PNG or JPG - best performance vs quality?

Hi.

I usually use PNG files for objects with transparency and JPG for standard textures. If I use PNG for standard materials, is this a difference in size/performance later?
Will PNG files be compressed during the export by Shapespark?

There won’t be a difference in size/performance. Input textures are converted into GPU compressed formats (DXT for desktops, PVRTC for ios and ETC1 for Androids). A handful of devices do not support any of these three formats, but for such devices PNG textures without transparency are converted to JPGs.

For quality using PNG textures as inputs may in some cases be slightly better, because it avoids double compression to lossy format (first to JPG, then to DXT/PVRTC/ETC1).

Okay. Thank you for your detailed explanation, @jan .

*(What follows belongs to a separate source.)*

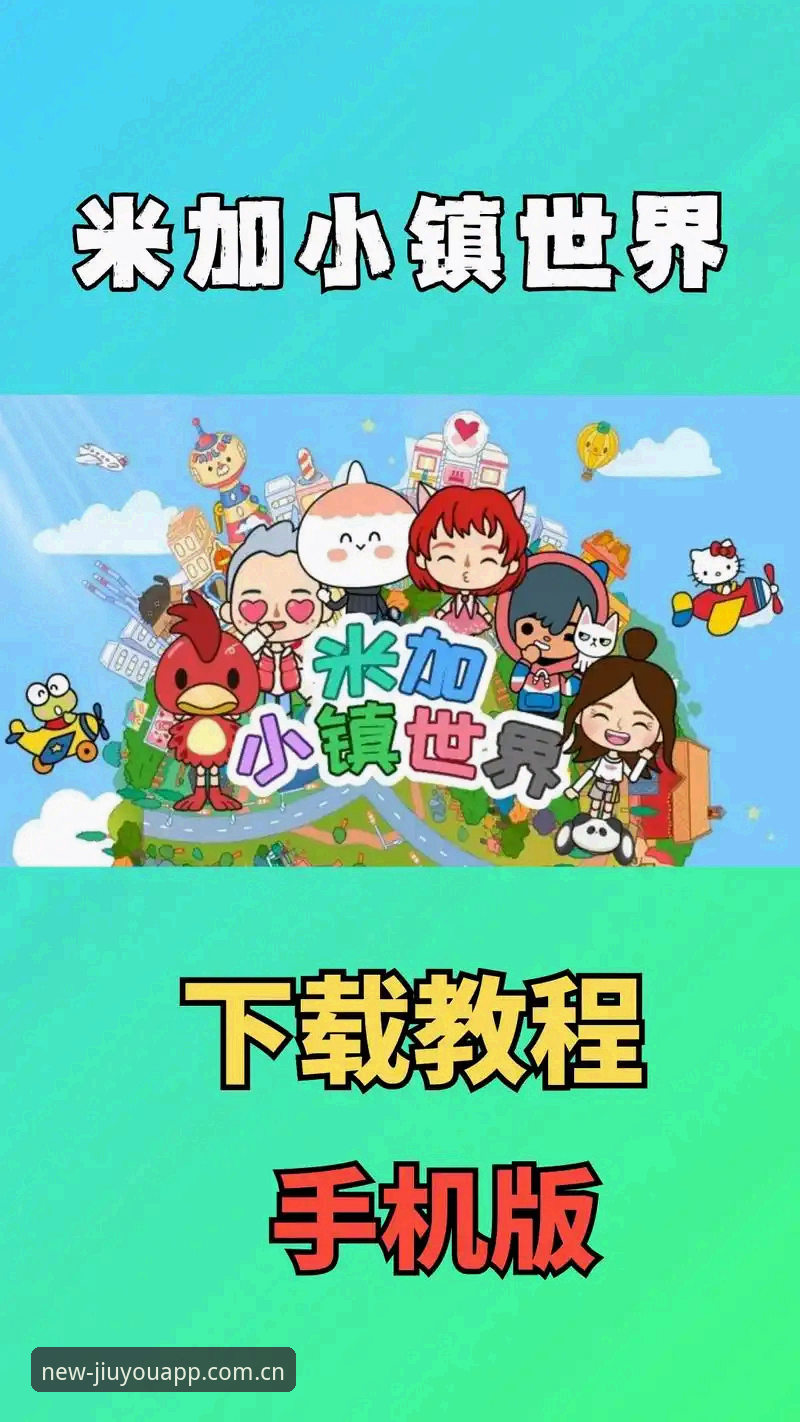 电脑端启程版登录教程 电脑端启程版登录教程,哪种方案更值得信赖?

I have additional questions about the textures:

  • Are the image sizes identical in the folders img/large/dxt/ ***.ktx with img/small/std/ ***.jpg? Excuse me, I can’t open ktx files.

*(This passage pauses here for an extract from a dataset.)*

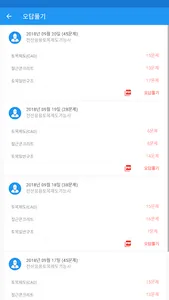 전산응용토목제도기능사 screenshot 14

  • Whether the texture will be in the atlas or not, of which depends? Textures in the atlas are nearly last loaded.

  • Non-atlas textures change their dimensions by what rules? Examples: 1066x532px -> 1024x1024px and 1062x700px -> 1024x512px. Is it a recommendation that we adjust the texture ourselves to these dimensions?

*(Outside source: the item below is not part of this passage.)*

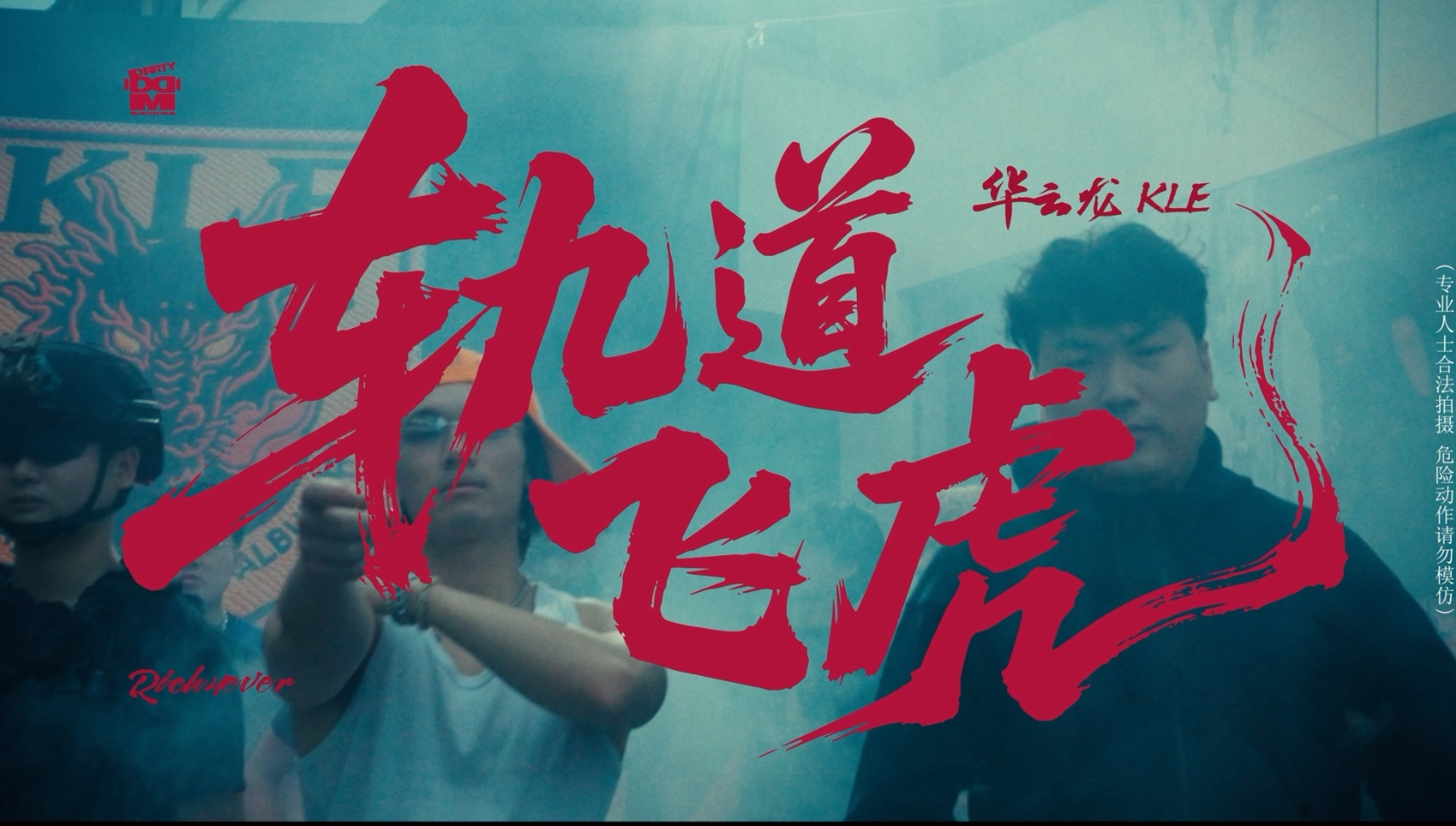 《轨道飞虎》Official Music Video华云龙KLE Ft.@Rich4ever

  • I want the textures in the first scene to be loaded before the other textures in other rooms. How can I achieve this?

  • Textures in img/large are at most 2048x2048 and in img/small/ 1024x1024
  • Textures that do not repeat in the scene are in atlas, repeating textures are not do to technical limitations of WebGL. Atlases loading priority is the same as other base color textures, atlases usually finish loading last because they are the biggest.
  • Textures that repeat must have power of two dimensions (WebGL requirement), but the size is converted internally by the pipeline, so it is not required to use power of two sizes in input textures.
  • It is not possible to control texture load priority. You can completely disable progressive loader in the Viewer tab to ensure all assets are available before the user can start navigating the scene.

Thank you @jan
This is my load order, it seems like there is some rule in the order, or this is a lone case.


It is very important for me to extract one image from the opening scene from the last atlas that is being loaded, but I do not know how.

Can you give me some advice, please?

Could you describe your use case. do you need to extract the image to use it via JavaScript API?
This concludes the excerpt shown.